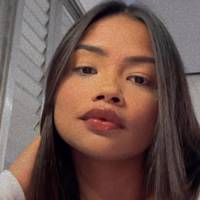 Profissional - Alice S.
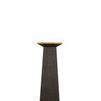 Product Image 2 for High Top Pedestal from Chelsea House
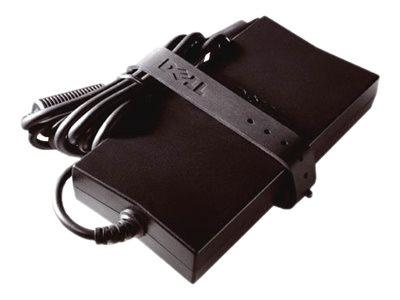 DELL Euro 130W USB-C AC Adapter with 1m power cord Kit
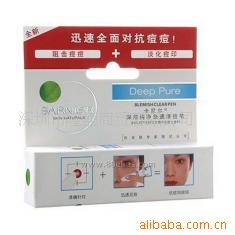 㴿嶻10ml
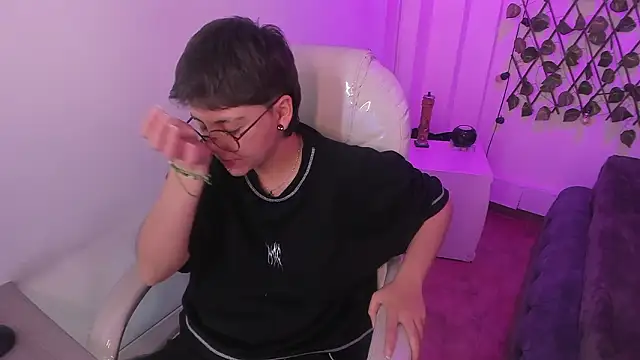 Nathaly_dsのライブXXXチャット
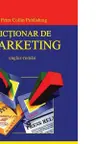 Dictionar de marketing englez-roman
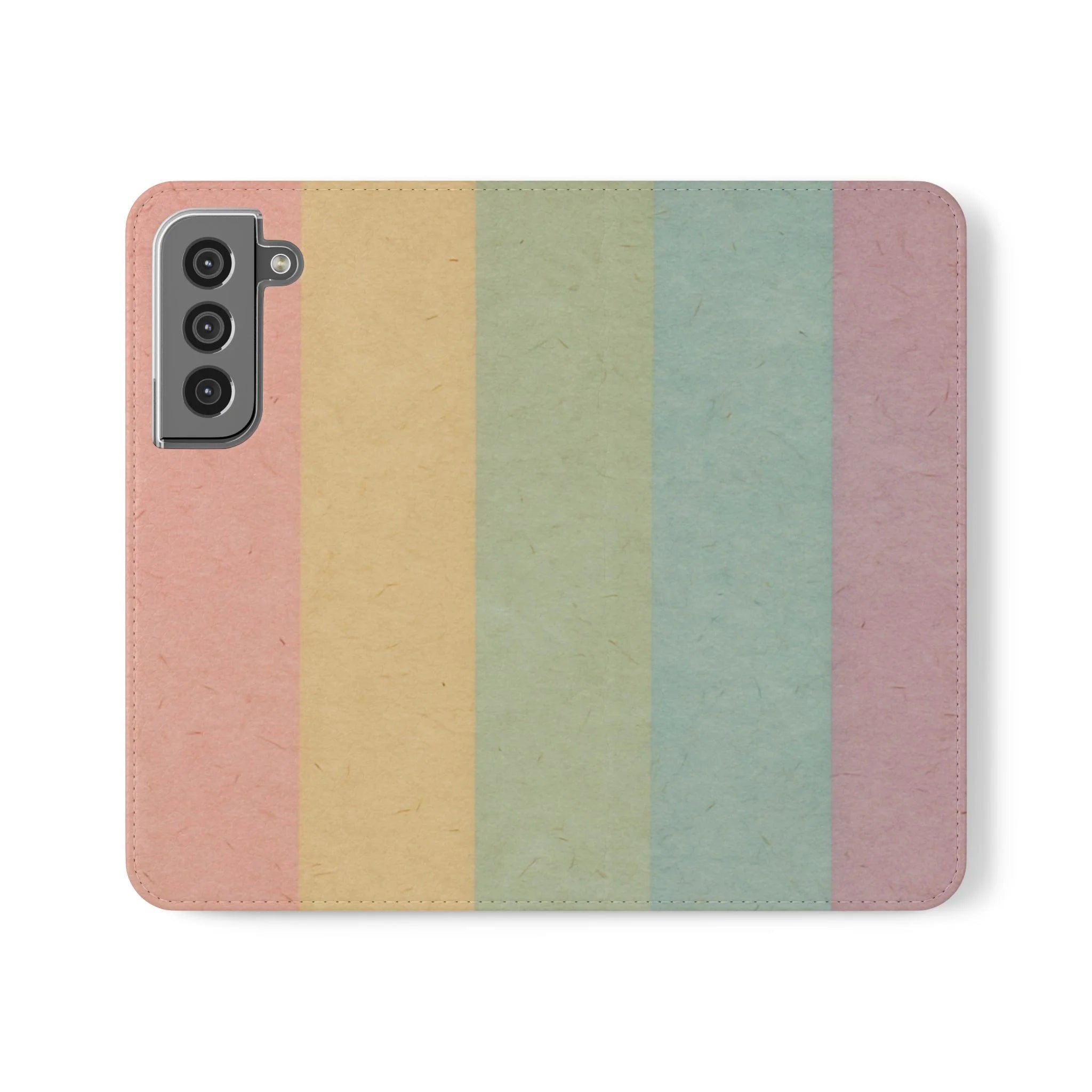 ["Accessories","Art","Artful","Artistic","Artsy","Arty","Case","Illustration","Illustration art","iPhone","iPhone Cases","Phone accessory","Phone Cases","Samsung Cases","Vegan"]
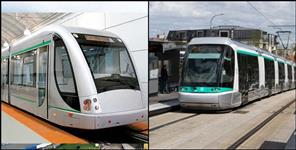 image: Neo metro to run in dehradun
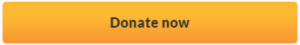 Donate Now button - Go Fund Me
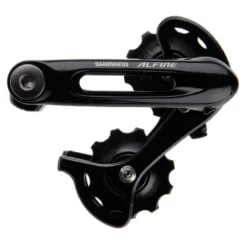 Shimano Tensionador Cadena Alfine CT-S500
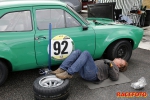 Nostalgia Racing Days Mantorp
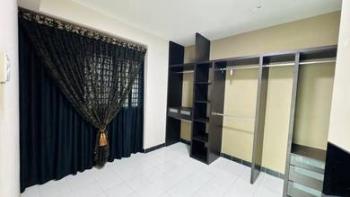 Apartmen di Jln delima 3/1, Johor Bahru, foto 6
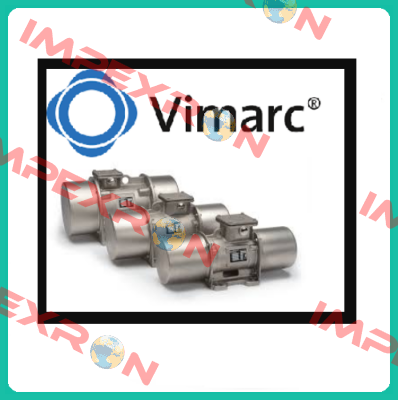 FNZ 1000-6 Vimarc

┄┄┄┄┄┄┄┄┄┄

> **EXERCISE DESCRIPTION**:
Repeat the material above exactly. Leave every picture out of it.

> **RESPONSE AREA**:
 Profissional - Alice S.
 Product Image 2 for High Top Pedestal from Chelsea House
 DELL Euro 130W USB-C AC Adapter with 1m power cord Kit
 㴿嶻10ml
 Nathaly_dsのライブXXXチャット
 Dictionar de marketing englez-roman
 ["Accessories","Art","Artful","Artistic","Artsy","Arty","Case","Illustration","Illustration art","iPhone","iPhone Cases","Phone accessory","Phone Cases","Samsung Cases","Vegan"]
 image: Neo metro to run in dehradun
 Donate Now button - Go Fund Me
 Shimano Tensionador Cadena Alfine CT-S500
 Nostalgia Racing Days Mantorp
 Apartmen di Jln delima 3/1, Johor Bahru, foto 6
 FNZ 1000-6 Vimarc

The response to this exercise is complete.